Natural noise from waves, wind, rain and even earthquakes is common in oceans. Unfortunately, man made noise from oil and gas drilling, sonar, and ships is also present.

Low frequency noise has doubled off the California coast every decade since the nineteen sixties. The main culprits are ships' propellers. They not only generate continuous low frequency sound, some propellers cavitate, which means they create air bubbles that collapse, creating loud popping sounds.

Calling All Whales



Whales use low frequency calls to communicate across thousands of miles of ocean. They are threatened by noise pollution because it can prevent them from contacting each other and from locating prey. Endangered humpback and right whales, which use fibrous baleen to strain food from the water, are the most at risk.

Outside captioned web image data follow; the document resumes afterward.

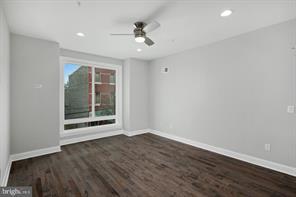 Building Photo - 220 Cecil B. Moore Ave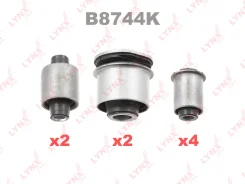 �������� ������������� ������� �������� | ��� | LYNXauto B8744K B8744K ����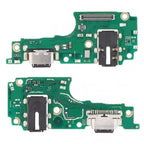 Charging Connector Flex / PCB Board for Vivo Y76 5G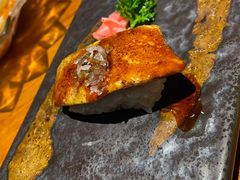 -魔丼屋(日月光店)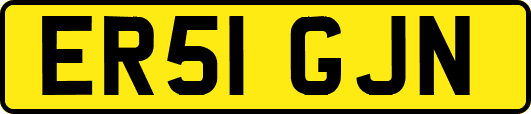 ER51GJN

Scientists studying right whales off Canada's east coast have discovered that whales are sending louder calls through the water to make themselves heard. Because they invest more energy in making calls, they have less energy available for finding food and mating. Other scientists measuring whale calls against background noise pollution have discovered that right whales have lost about eighty percent of their normal communication area. This could seriously affect survival of this already threatened species.

Noise Pollution



Scientists don't have badges and guns, but they are trying to correct the noise pollution problem. By tracking ships and marine mammals and understanding how noise travels, they are creating sound maps.

They hope to get shipping lanes moved so that the noise pollution ships create will not overlap with areas most important to the whales.